Millions of people wake up each morning to confront a five-letter word in the New York Times' Wordle, armed with six guesses and a prayer. Researchers at Binghamton University, State University of New York, have now developed a mathematical approach that solves the puzzle with a 99% success rate - because apparently, even our morning word games must be optimized.

The game is simple: players guess five-letter words, and the game responds with colored tiles - green for correct letter in the right spot, yellow for correct letter in the wrong spot, gray for not in the word at all. Players have six tries to turn all squares green.

Assistant Professor Congyu "Peter" Wu and his team turned to Shannon entropy, a concept from information theory that measures uncertainty.
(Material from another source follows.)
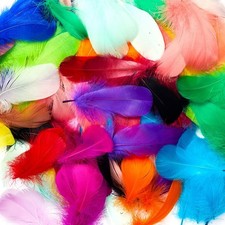 Colorful Craft Feathers 800pcs Assorted 3-5 Inches for DIY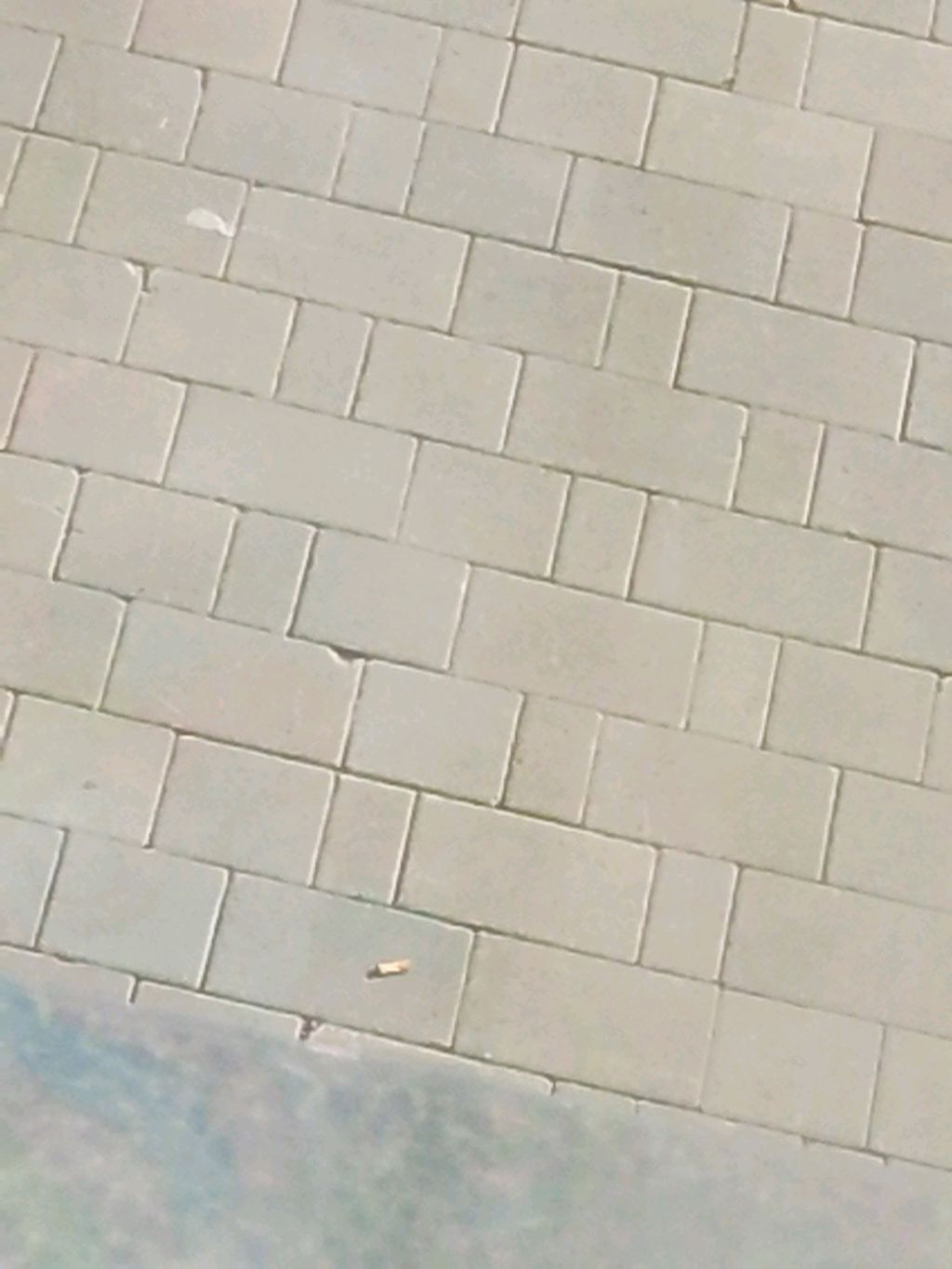 правила рутуба смотреть онлайн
Instead of guessing words likely to be correct, the method picks guesses that extract the most information and eliminate the most possibilities.
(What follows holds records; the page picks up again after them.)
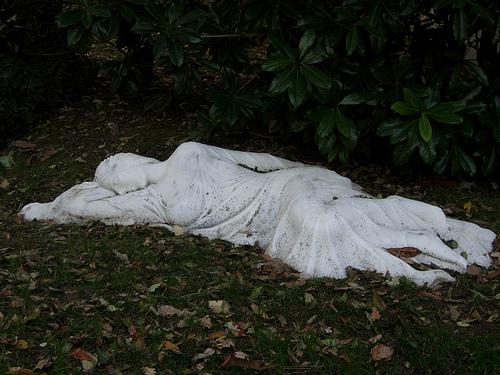 Amor al oído Asleep in the garden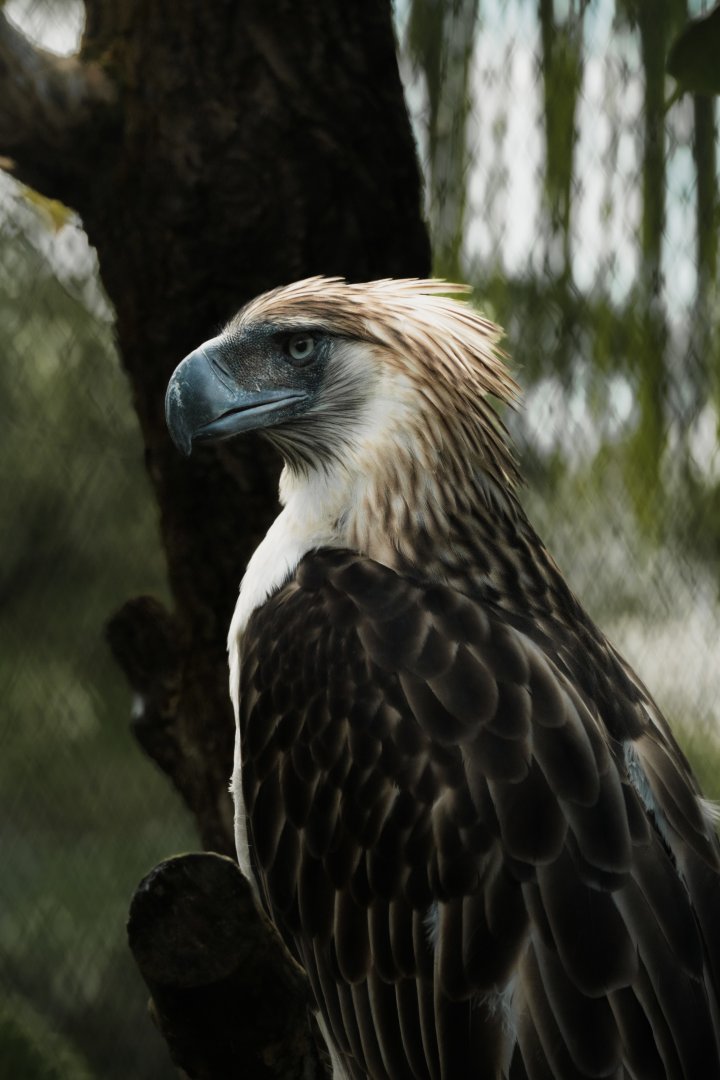 Philippine Eagle (Pithecophaga jefferyi)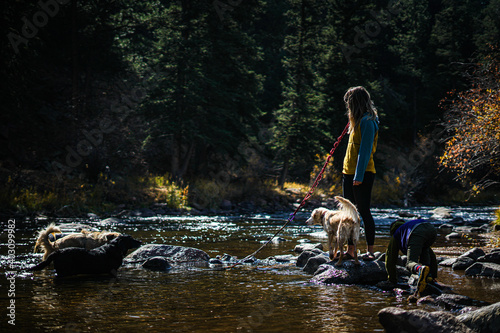 Canvas Print Mother and son playing in river with dogs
"Let's say you're at a certain guess. The previous guesses will eliminate a whole bunch of options, and based on the remaining options, guessing some words will send you into a trajectory where information gain is speedier," Wu explained.

Donald Stephens, a doctoral student and co-author, noted: "A subtle but important insight from the paper is that a guess doesn't have to be the most likely answer; it simply has to be informative. By applying Shannon entropy, the objective shifts to maximizing the expected reduction in uncertainty rather than the probability of being right."

In practice, players would run a separate script, enter the color-coded feedback after each guess, and receive a recommendation for the next word. The strategy can seem random because it prioritizes information gathering over direct pursuit of the answer.

In computer simulations, the information theory method solved 99% of Wordle puzzles, compared to about 90% for a conventional strategy emphasizing common letters like A, E, and R.

The project began as a class assignment - Wu challenged students to apply information theory to a real-world problem. That exercise evolved into a published paper in the Northeast Journal of Complex Systems.

Co-author Talal Aladaileh said the coursework at Binghamton's School of Systems Science and Industrial Engineering pushes students to apply concepts in ways that have "real, lasting impact."

Wu praised the team's creativity: "What is especially creative and valuable about the team's intellectual contribution is that it transformed a static measurement (Shannon entropy) in a scientific domain into a dynamic solution that helps accomplish a popular task better."